Die Freien Wähler konnten sich dem Antrag in einem Punkt anschließen: Der Einrichtung einer Kommission, die sich weitergehend mit dem Thema beschäftigen solle. Doch bis der Antrag entsprechend formuliert war, verging noch einige Zeit und eine Sitzungsunterbrechung musste einberufen werden.
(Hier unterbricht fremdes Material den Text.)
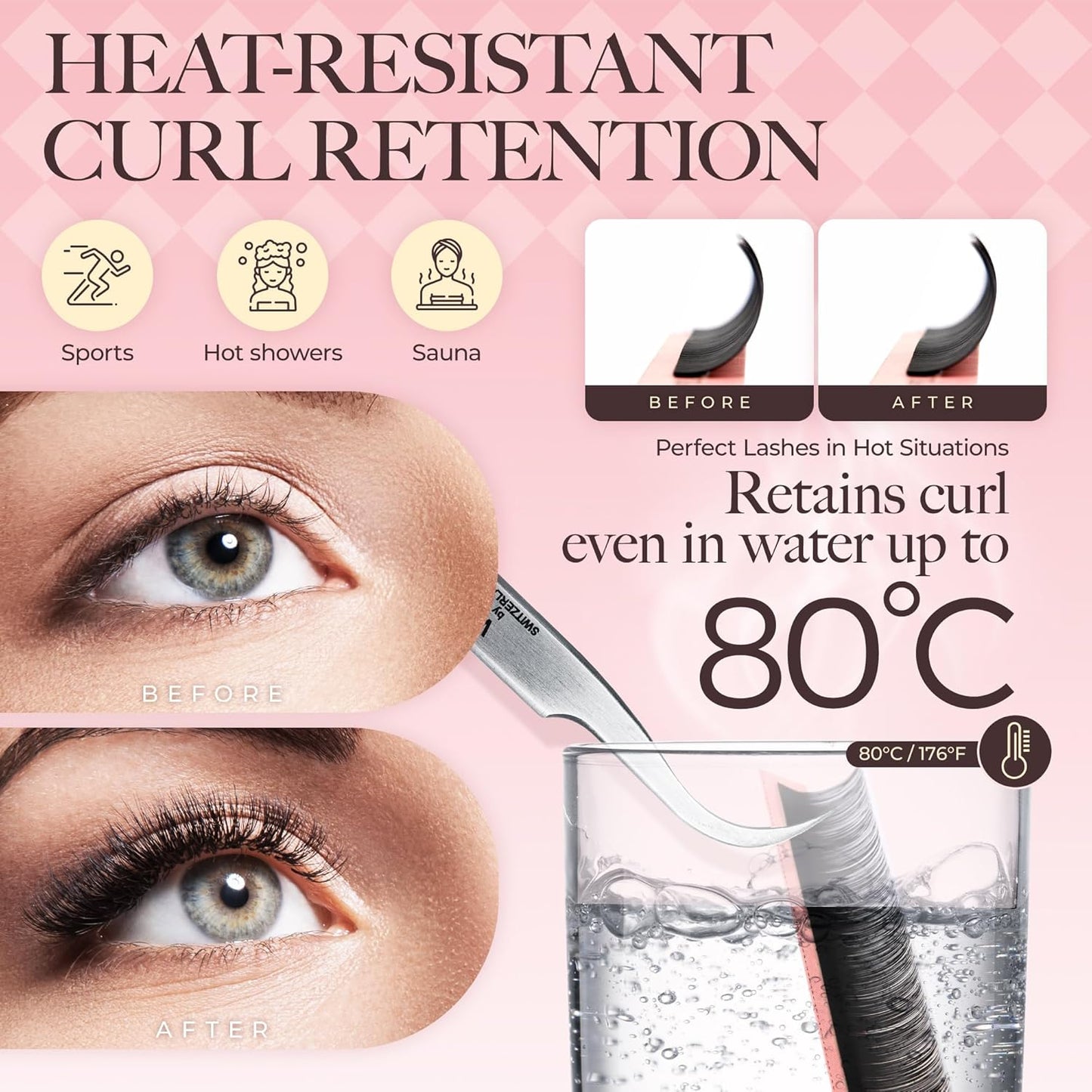 LASHVIEW Volume Lash Extensions 0.03-0.20 J/B/L/C/CC/D Curl 8-16mm Mixed & Single Length Tray, Soft Matte Dark Professional Eyelashes Extension(0.03 D 10mm)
Nach Fertigstellung kam Kritik an der Planung jedoch ausgerechnet von der CDU: »Wenn ihr glaub, dass wir nach den Ergebnissen der Kommission schlauer sind – das wird nicht der Fall sein«, sagte Eckhard Neumann, stellvertretender CDU-Fraktionsvorsitzender. Zuvor hatte er bereits erklärt, sich bei der Abstimmung zu enthalten. »Ich finde, dass wir da jetzt auf einem guten Weg sind.«

 

Nur eine Stimme für Antrag

 

Bei der abschließenden Abstimmung der Gemeindevertreter schlug dem Antrag in allen Punkten vor allem Ablehnung entgegen: Die Prüfung und Zusammenstellung der Kosten wurde mit einer Ja-Stimme von Frank Müller sowie 17 Gegenstimmen von den SPD, FW und Grünen-Fraktionen sowie neun Enthaltungen (CDU und FW) abgelehnt. Auch im zweiten Teil des Antrags, der Erstellung eines Raum- und Flächenkonzepts verlief das Ergebnis ähnlich: ein Ja-Stimme stand 18 Gegenstimmen und acht Enthaltungen gegenüber. Was die Einrichtung einer Kommission gab es letztlich mehr Zustimmung, aber längst nicht Genug: Den zwölf Ja-Stimmen von CDU und FW, standen 14 Gegenstimmen sowie eine Enthaltung gegenüber. Damit kann nun weiter verfahren werden wie bisher – zur nächsten Sitzungsrunde will Bürgermeister Haas über die ersten Pläne und Kosten für die Sanierung des Freibades auf der Wieseckinsel sowie die Unterhaltungskosten berichten.